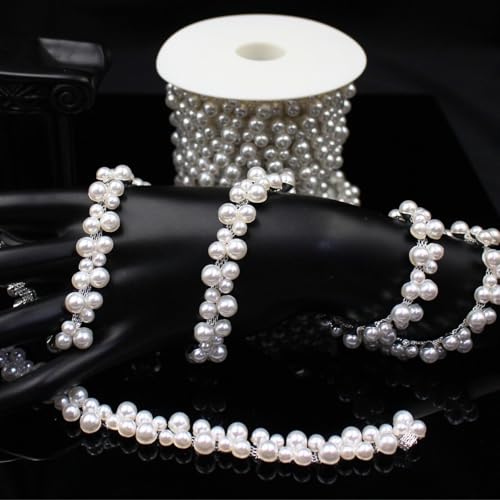 2 Yard Pearl Trim Chain String Silver Applique Fringe Ribbon Strips Beads Sewing Dress DIY Party Wedding Bouquet for Decoration Bridal Costume Embellishment by PEARLY JUN - Image 7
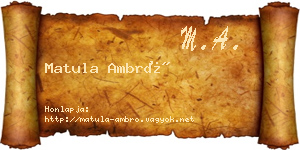 Matula Ambró névjegykártya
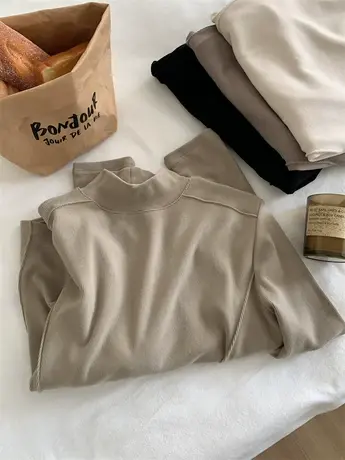 设计感抽褶修身显瘦慕斯绒立领打底衫女秋冬磨毛长袖T恤保暖内搭商品大图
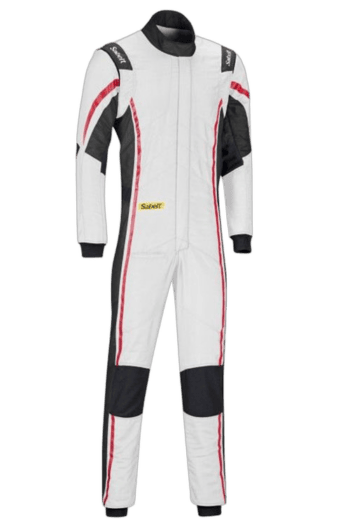 Grand Prix Racewear racing suit in white, black, and red with Sabelt branding, designed for motorsport safety and performance.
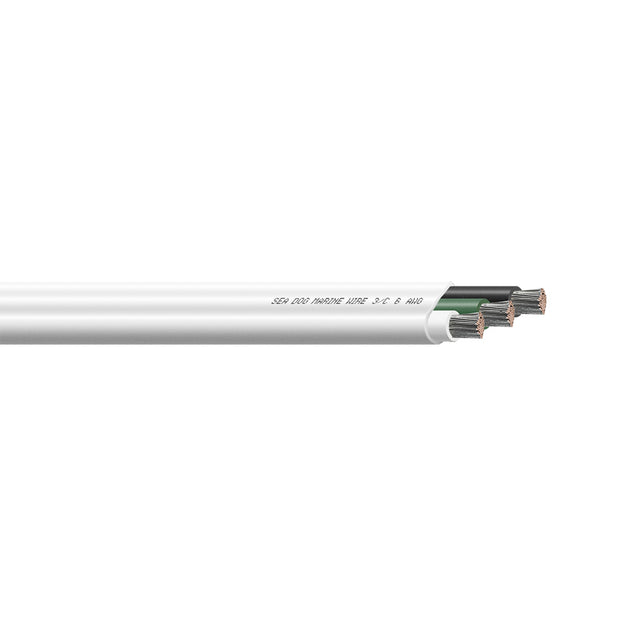 SeaDog 63 AWG Flat Triplex Wire  WhiteGreenBlack  50 8006301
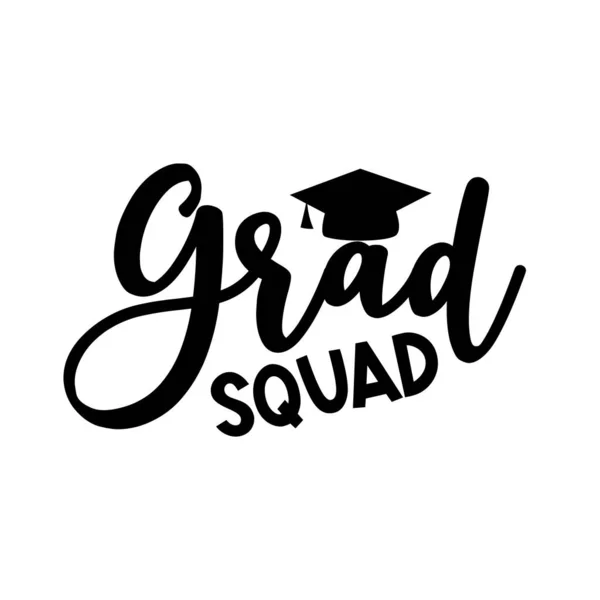 Grad Squad Graduation Cap Πρότυπο Για Σχεδιασμό Αποφοίτησης Κόμμα Γυμνάσιο — Διανυσματικό Αρχείο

WORK REQUIRED - When you reach the line that contains "设计感抽褶修身显瘦慕斯绒立领打底衫女秋冬磨毛长袖T恤保暖内搭商品大图", start copying the listing word for word and stop only after its last line, without any pictures.

SOLUTION TO THE EXERCISE -
 设计感抽褶修身显瘦慕斯绒立领打底衫女秋冬磨毛长袖T恤保暖内搭商品大图
 Grand Prix Racewear racing suit in white, black, and red with Sabelt branding, designed for motorsport safety and performance.
 SeaDog 63 AWG Flat Triplex Wire  WhiteGreenBlack  50 8006301
 Grad Squad Graduation Cap Πρότυπο Για Σχεδιασμό Αποφοίτησης Κόμμα Γυμνάσιο — Διανυσματικό Αρχείο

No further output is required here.